Irrelevant. We aren't dealing with physical instruments, but with digital audio.
There is nothing in the least fallacious or sensational about this article.
One rough area for curve-fitting is white-noise-esque sounds (WNES) like the letter "s" or "h" and tambourines. The processor can perhaps detect if WNES exceed a threshold, and use other techniques such as SC instead.
It's roughly comparable to JPEG versus GIF images. JPEG is better (more faithful) at gradual shades while GIF is better at edges. A better compression algorithm perhaps would use each where it does best per given image. However, at the cost of algorithm complexity and compression/decompression processing time.
I'm surprised I don't see it mentioned here, but there's a rather interesting extension to this technique made by Paul Nasca[0], which midigates these artifact by (1)carefully choosing the size and placement of grains and (2)randomly changing the phase of each grain before recombining. You can see the algorithm here[1].
The results are absolutely incredible. You can end up slowing a sample down by 800% or more with no artifacts. For example, here[2] is the Windows 95 startup sound extended to be a little over 6 minutes long. The reverb you hear isn't added, that's just what is sounds like.
Also, if you didn't notice from the page, it's one of the default plug-ins in Audacity.
[0]: http://www.paulnasca.com/ [1]: http://www.paulnasca.com/algorithms-created-by-me#TOC-PaulSt... [2]: https://www.youtube.com/watch?v=FsJdplLB1Bs
The very stretched waveform did contain some audible artifacts, but I think other methods like FFT would introduce some as well.
This kind of trick works because our hearing is frequency-based. So the crucial thing is to preserve the frequencies and it is going to sound exactly the same.
Spatial mapping of frequencies in the human ear here: https://www.ncbi.nlm.nih.gov/pmc/articles/PMC2394499/ (see fig 5.)

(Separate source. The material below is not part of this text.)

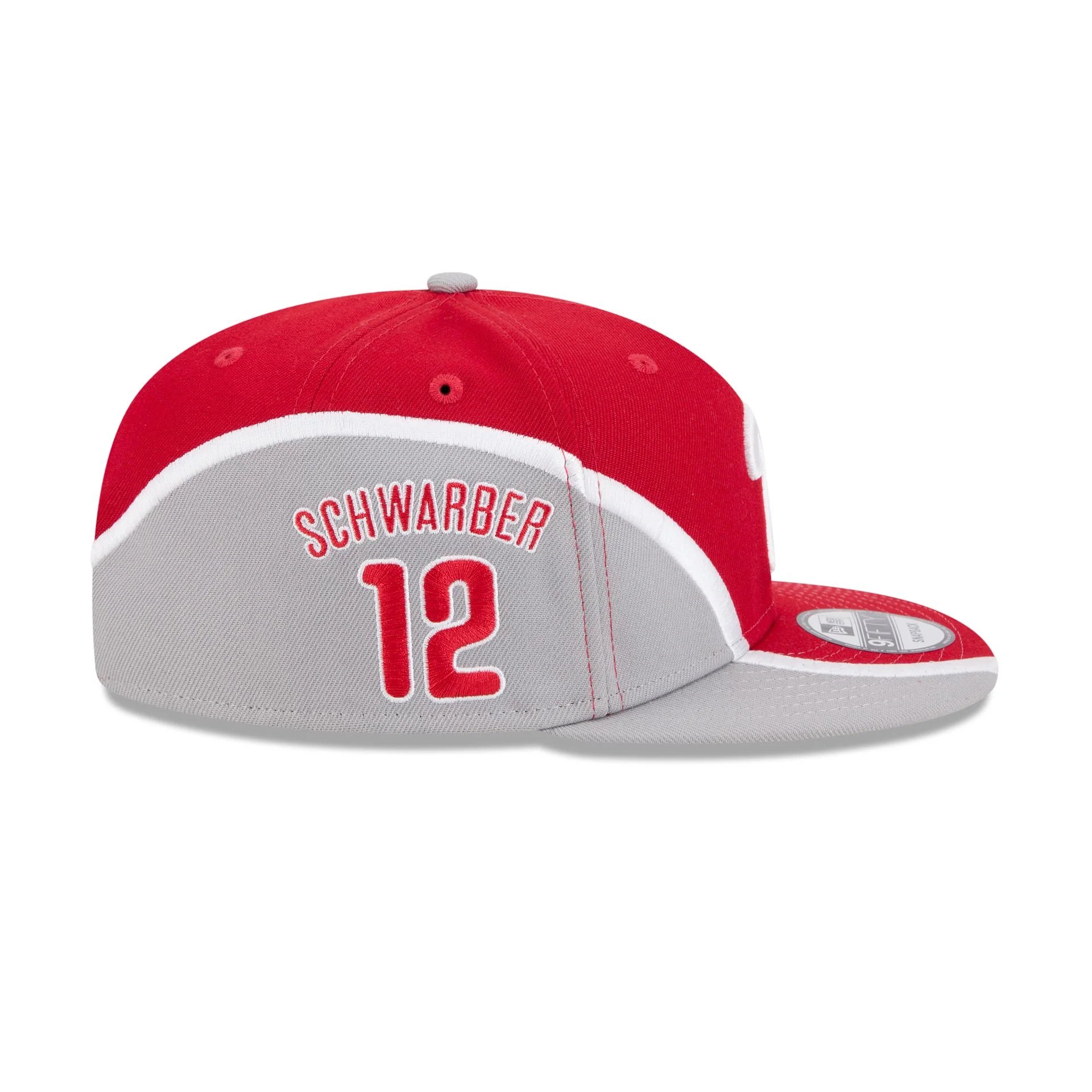 Philadelphia Phillies Kyle Schwarber 9FIFTY Snapback Hat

Trying this with an image for example wouldn't work, because our vision is sample-based. Imagine splitting an image in tiny fragments and repeating/interpolating them on top of one another.

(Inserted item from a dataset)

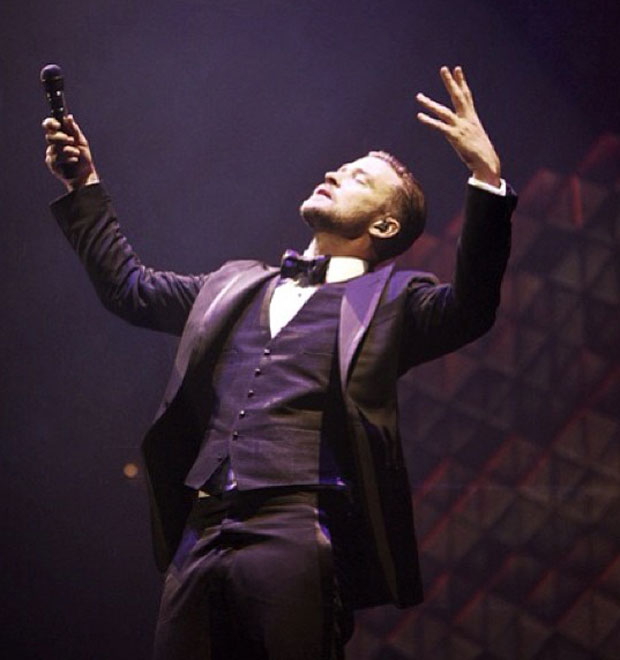 Justin Timberlake deixa gorjeta de nove mil reais em boate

It's not just about continuity. It also removes an entire set of concerns from the process.
For example-- suppose someone analyzes an audio recording, splits it into grains, then does some fancy re-organization based on the timbral content of the recording/grains.
Now suppose they are subjectively unhappy with the result. Perhaps it sounds "wimpy," "fluttery," or some other such vague complaint. Is that sound due to a) their process of re-organizing the grains, b) the quality of the original recording, c) the envelopes they used, or d) something else entirely?
If instead one uses grains which begin and end at zero, the answer can't be C because it doesn't exist. I can say that the quality sounds fine in the few examples I've heard that use this technique.
I'd imagine the reason the latter isn't used as often is because it's simply more difficult to program if each grain can be an arbitrary size (or at least not quantized).
Some more famous algorithms that work this way and are similarly easy to implement are TDHS and PSOLA. They all work in the time domain but find different ways to smooth out the discontinuities and to make more extreme shifts sound better.